## [AIM OF THE TASK]
Without any of their pictures, return all of the records exactly.
+-------+
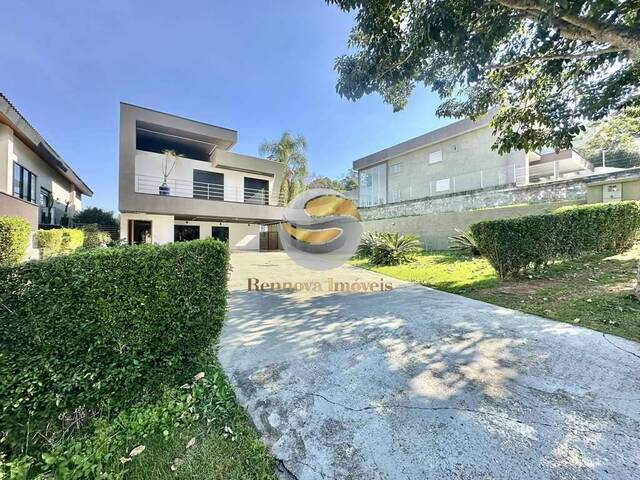 #9889 - Casa em condomínio para Venda em Cotia - SP - 2
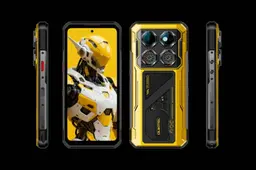 Oukitel WP600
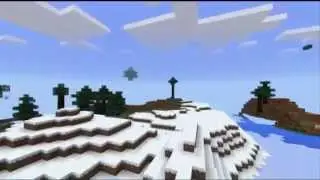 What Rainbow Ice And ZackTDS Do On Minecraft
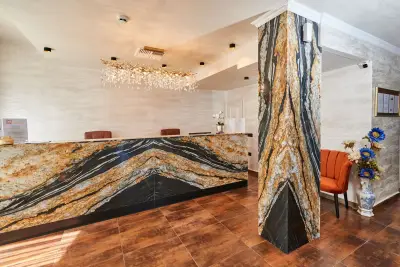 Petar and Pavel Hotel & Relax Center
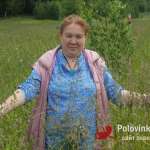 Чайковская, 57 лет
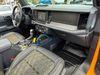 Ford Bronco V6 Sasquatch Leather Cyber Orange Black Diamond | Plant City Florida | Bayshore Automotive - Thumbnail 14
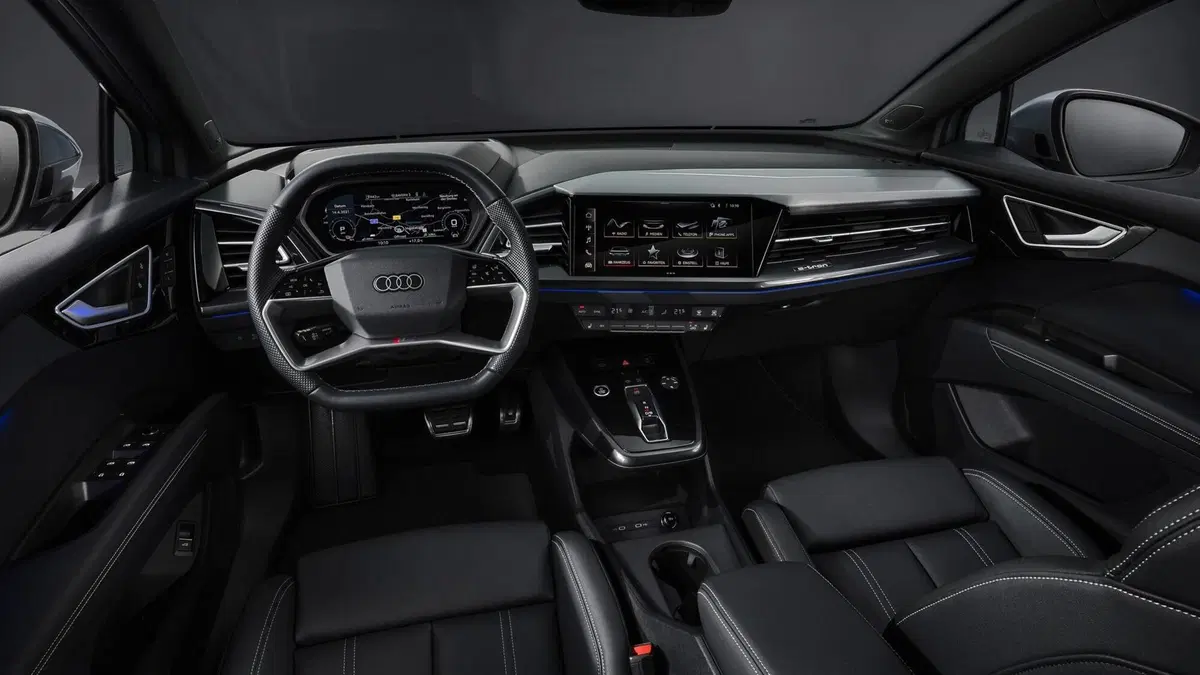 Audi Q4 Sportback 45 Business quattro 286cv (15)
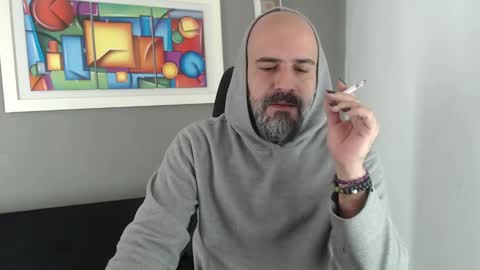 Alex Saints online show from February 2025 03:30:01 PM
+-------+
## [THE COMPLETED TASK]
 #9889 - Casa em condomínio para Venda em Cotia - SP - 2
 Oukitel WP600
 What Rainbow Ice And ZackTDS Do On Minecraft
 Petar and Pavel Hotel & Relax Center
 Чайковская, 57 лет
 Ford Bronco V6 Sasquatch Leather Cyber Orange Black Diamond | Plant City Florida | Bayshore Automotive - Thumbnail 14
 Audi Q4 Sportback 45 Business quattro 286cv (15)
 Alex Saints online show from February 2025 03:30:01 PM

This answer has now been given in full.